[AVAILABLE RECORDS — start]
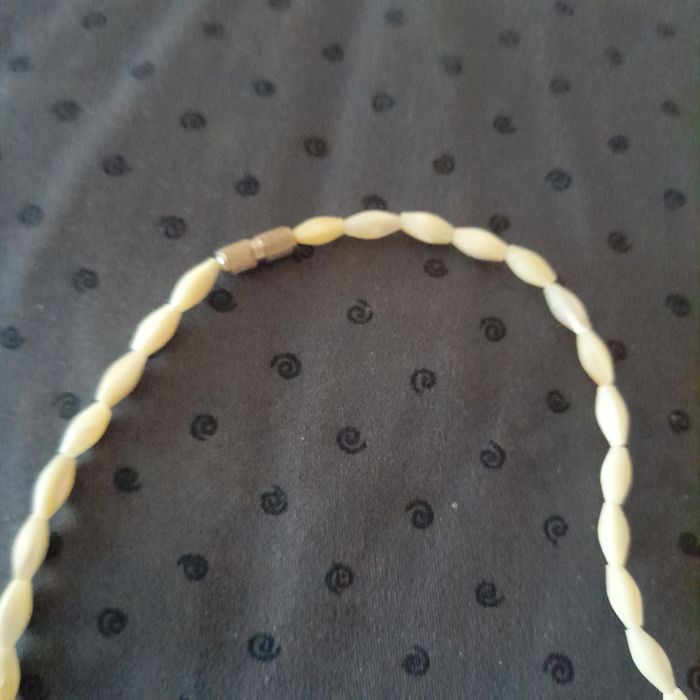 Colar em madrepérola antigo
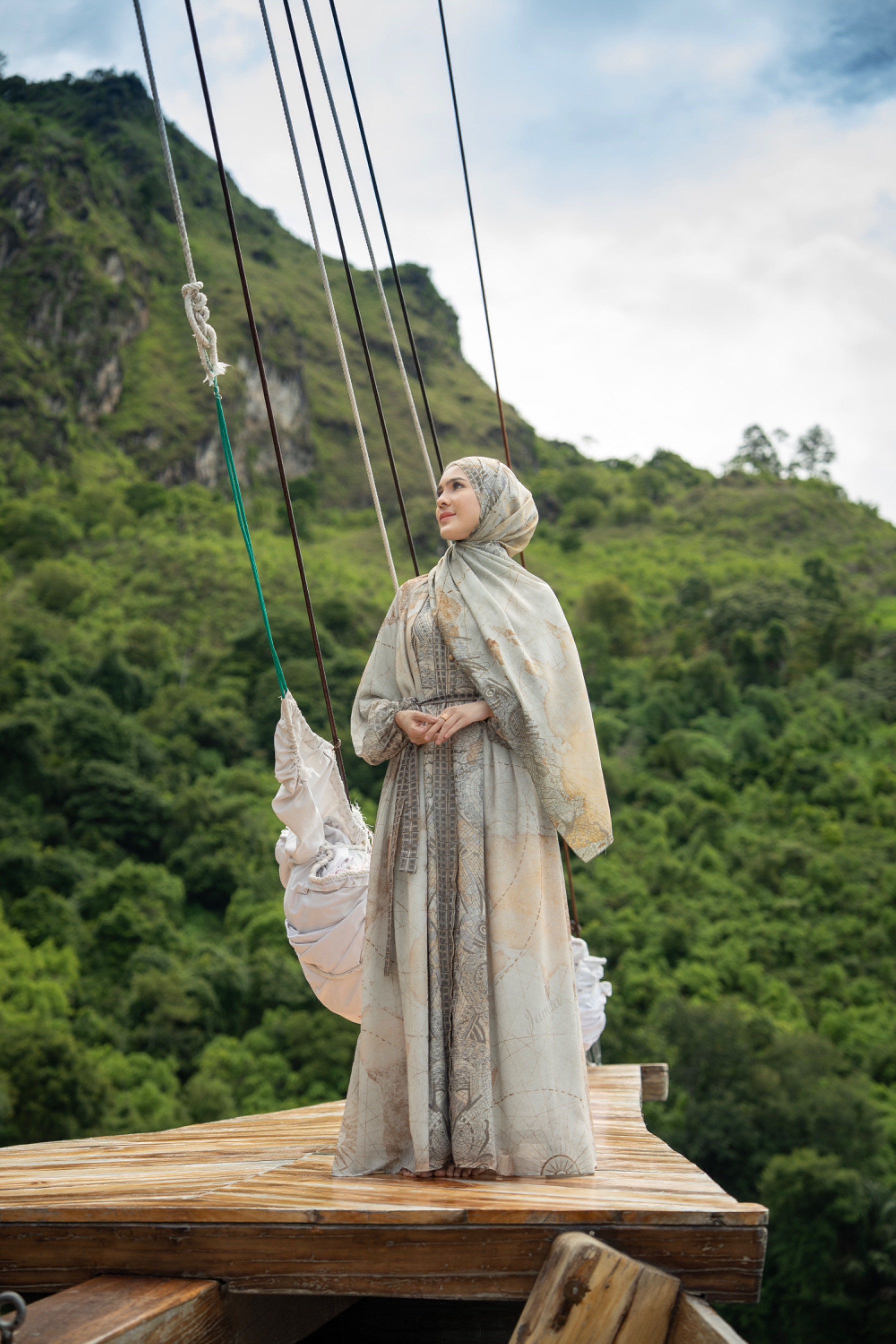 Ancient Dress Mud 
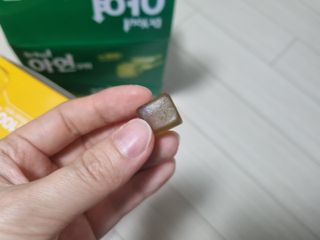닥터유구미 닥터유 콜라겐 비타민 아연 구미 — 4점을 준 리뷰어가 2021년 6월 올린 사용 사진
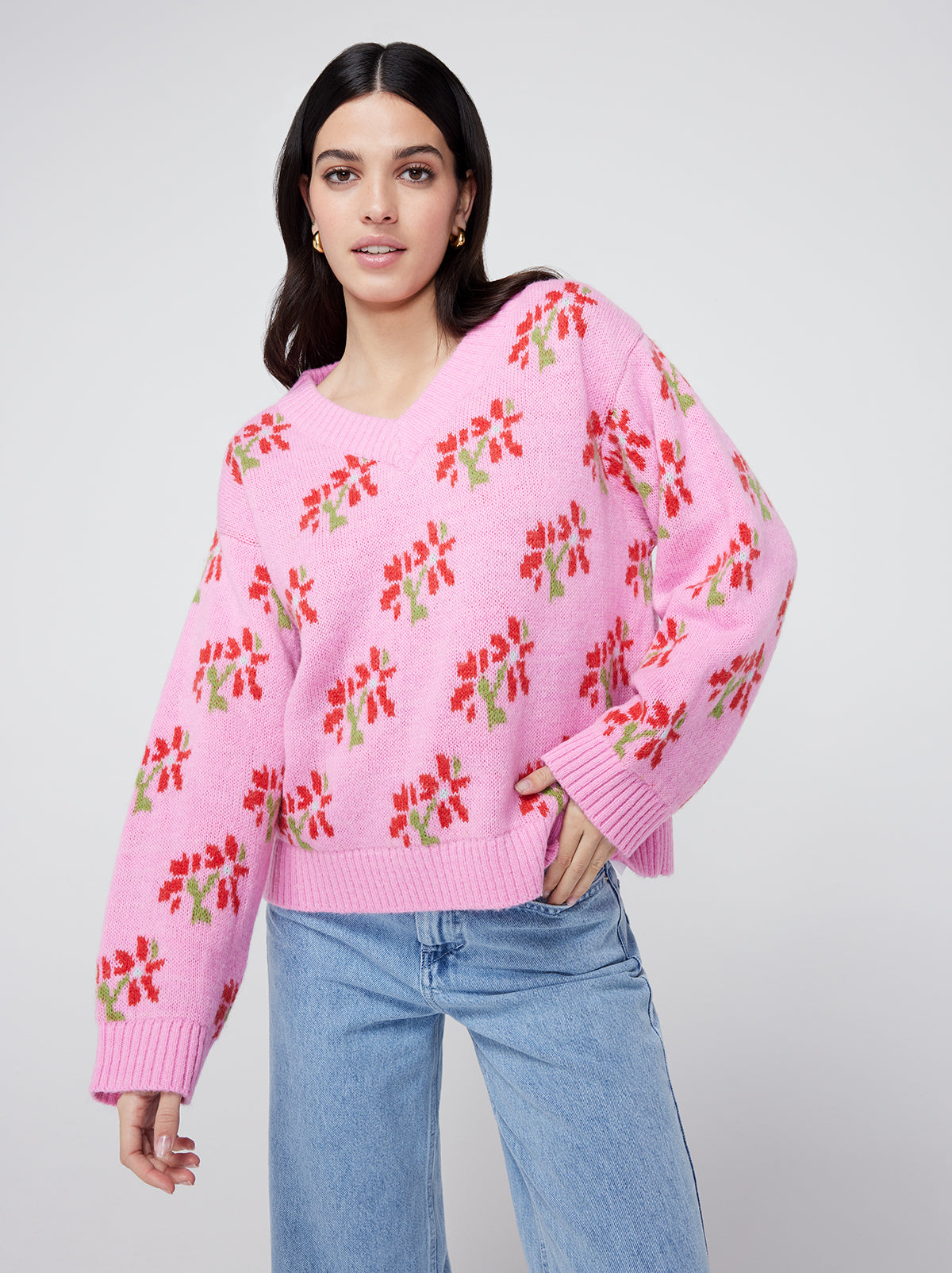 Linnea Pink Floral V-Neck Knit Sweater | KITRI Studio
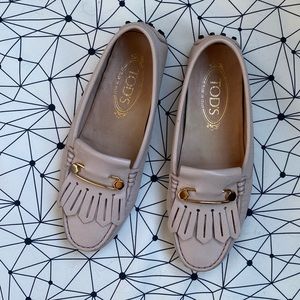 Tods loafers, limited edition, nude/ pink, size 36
[AVAILABLE RECORDS — finish]
[AVAILABLE RECORDS — start]
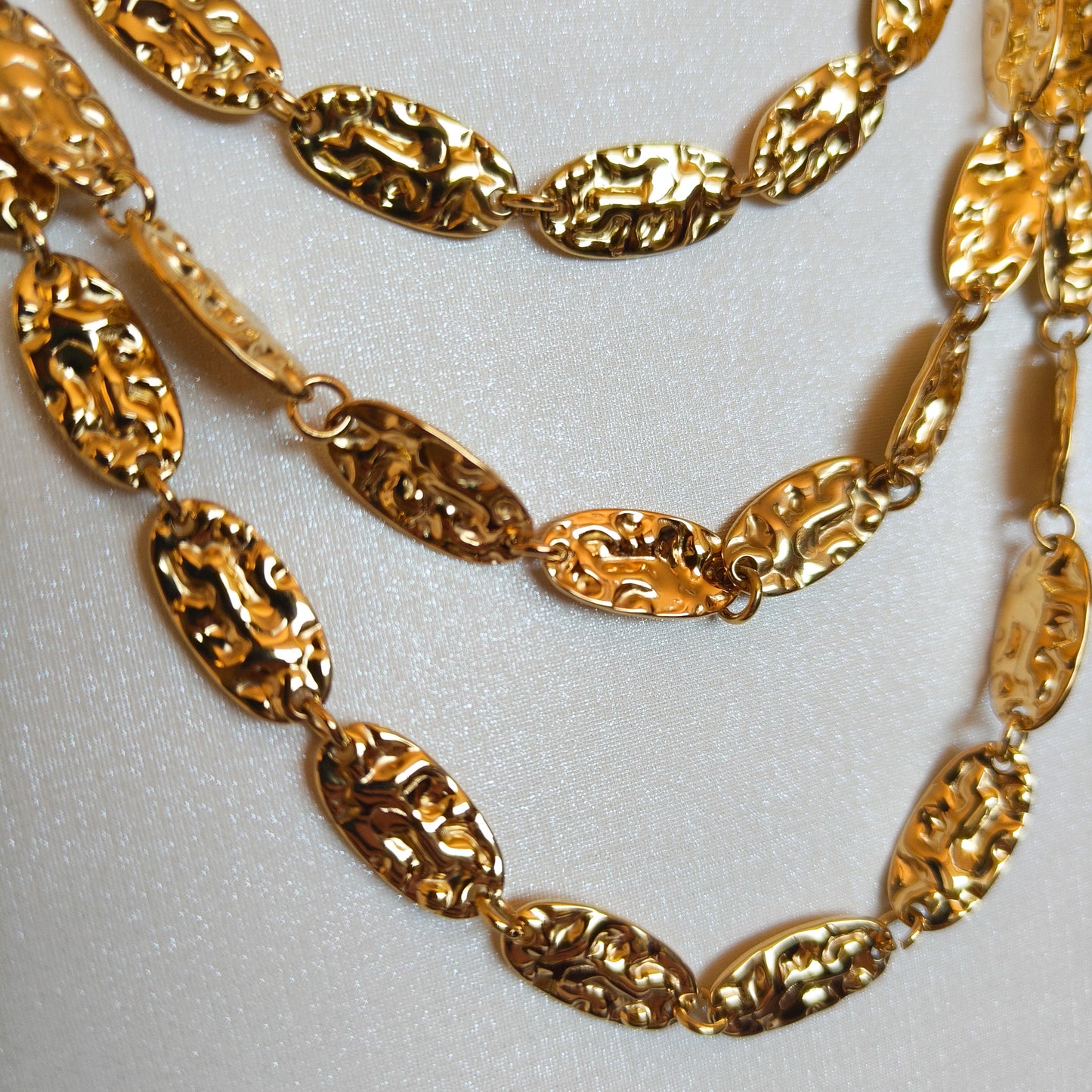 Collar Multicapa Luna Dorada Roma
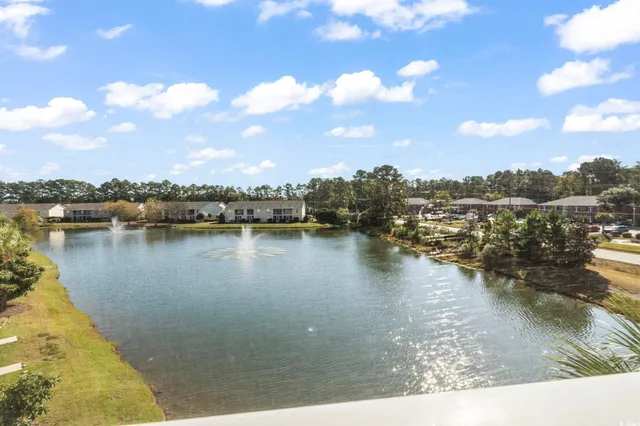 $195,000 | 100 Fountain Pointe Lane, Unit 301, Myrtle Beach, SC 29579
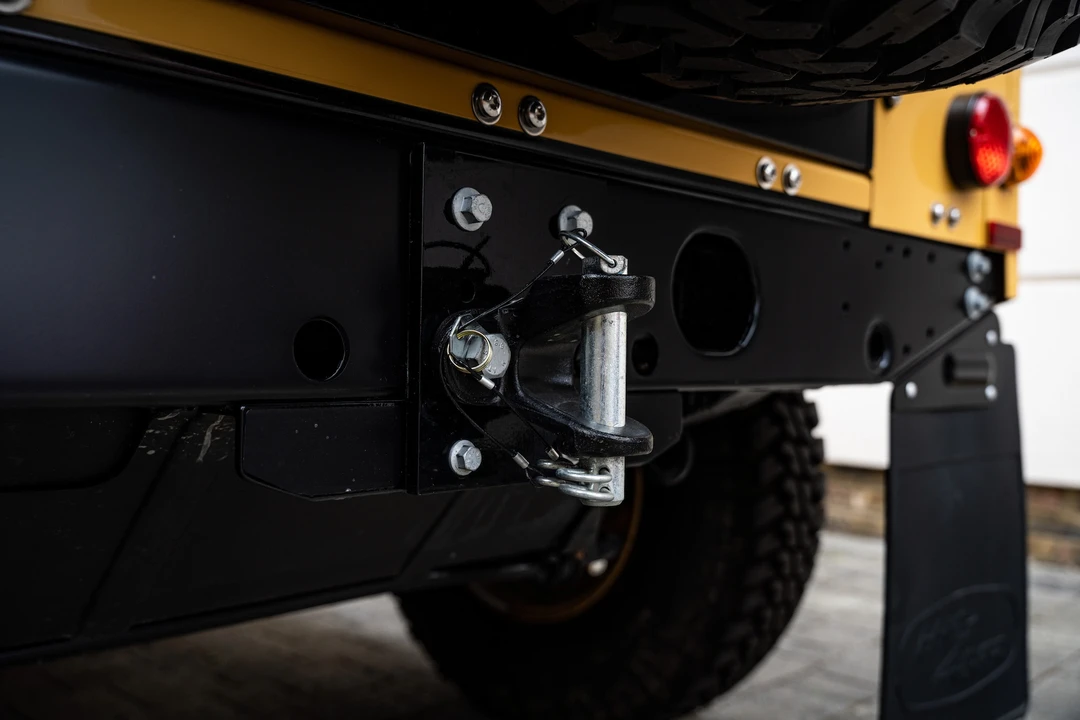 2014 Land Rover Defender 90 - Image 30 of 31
[AVAILABLE RECORDS — finish]
[AVAILABLE RECORDS — start]
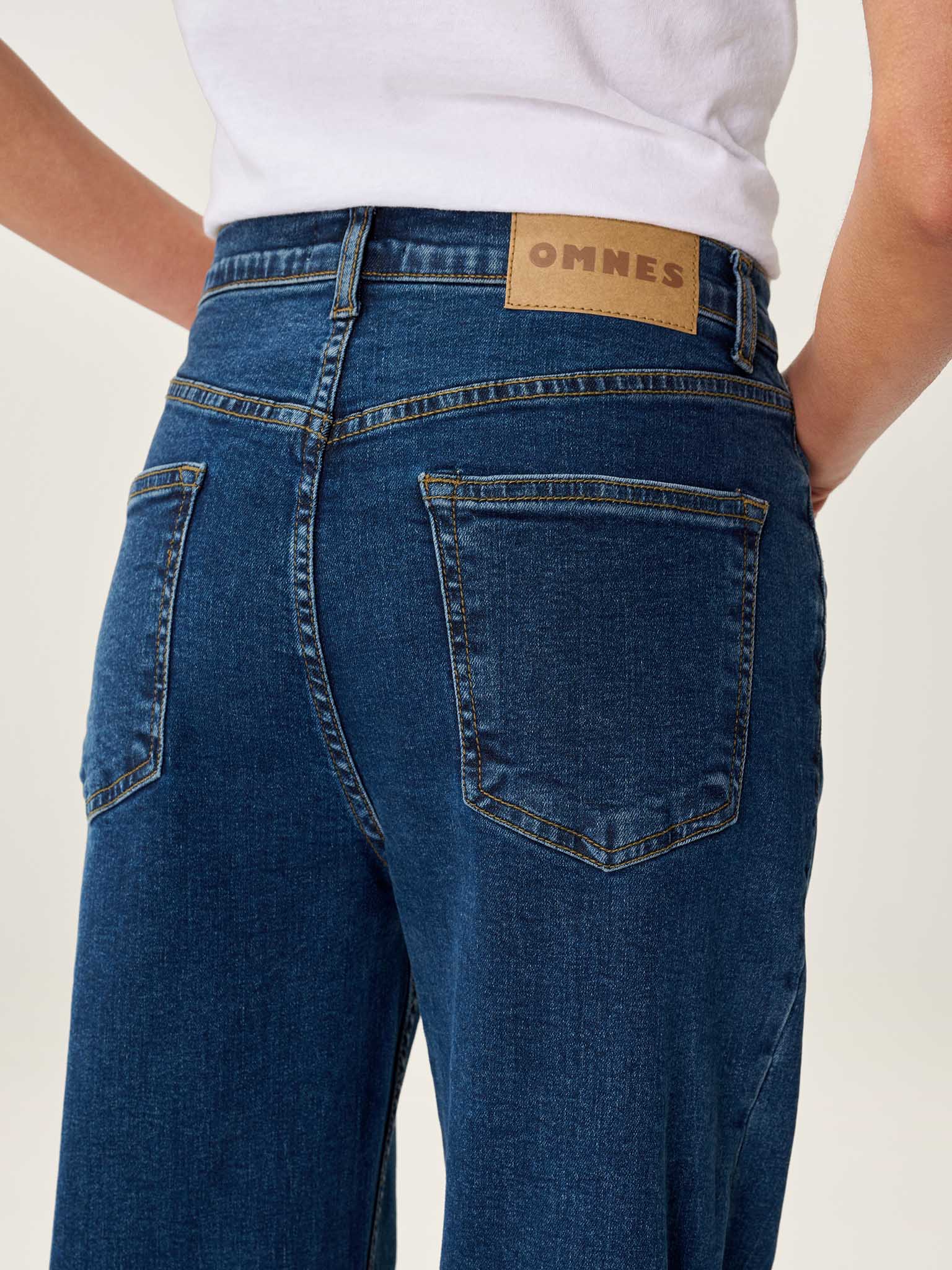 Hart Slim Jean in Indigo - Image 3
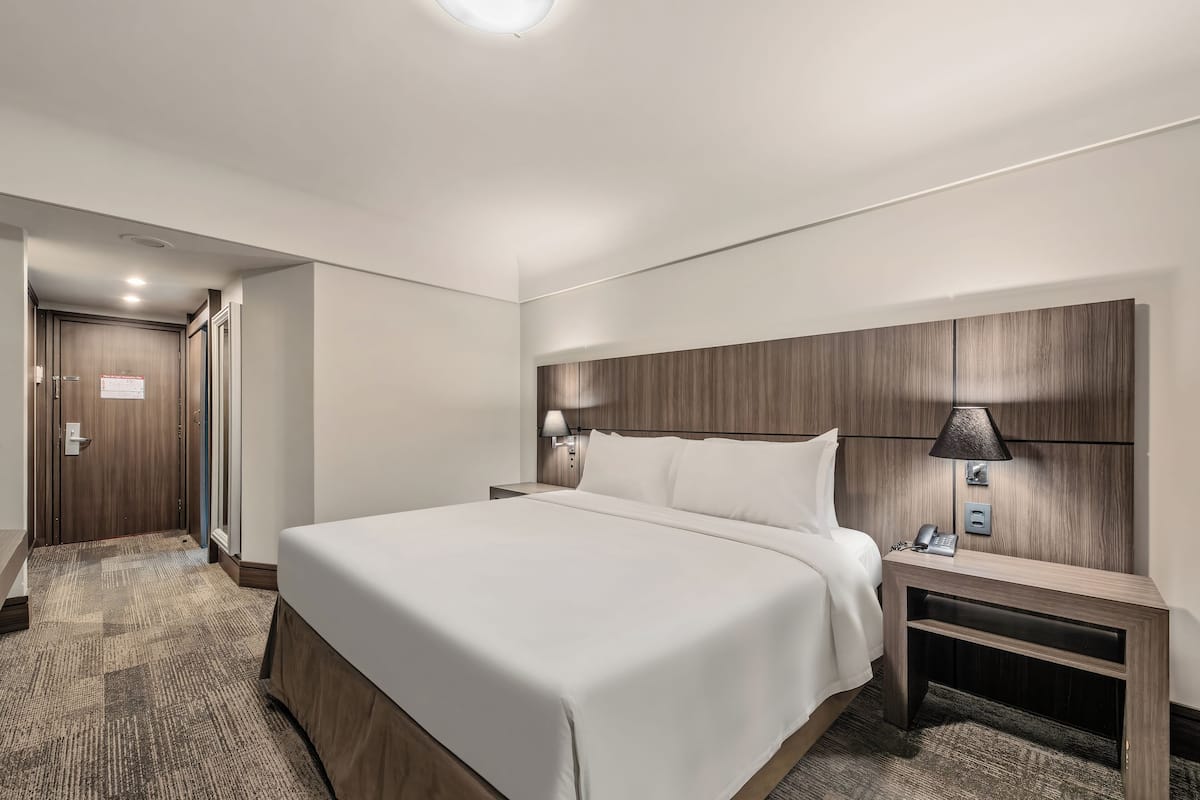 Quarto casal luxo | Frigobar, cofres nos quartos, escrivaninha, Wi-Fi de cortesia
[AVAILABLE RECORDS — finish]
* BRIEF
Beginning with the line holding "Colar em madrepérola antigo" in the material above, restate word for word each line through the line holding "Tods loafers, limited", and exclude pictures.

* RESPONSE
 Colar em madrepérola antigo
 Ancient Dress Mud 
닥터유구미 닥터유 콜라겐 비타민 아연 구미 — 4점을 준 리뷰어가 2021년 6월 올린 사용 사진
 Linnea Pink Floral V-Neck Knit Sweater | KITRI Studio
 Tods loafers, limited edition, nude/ pink, size 36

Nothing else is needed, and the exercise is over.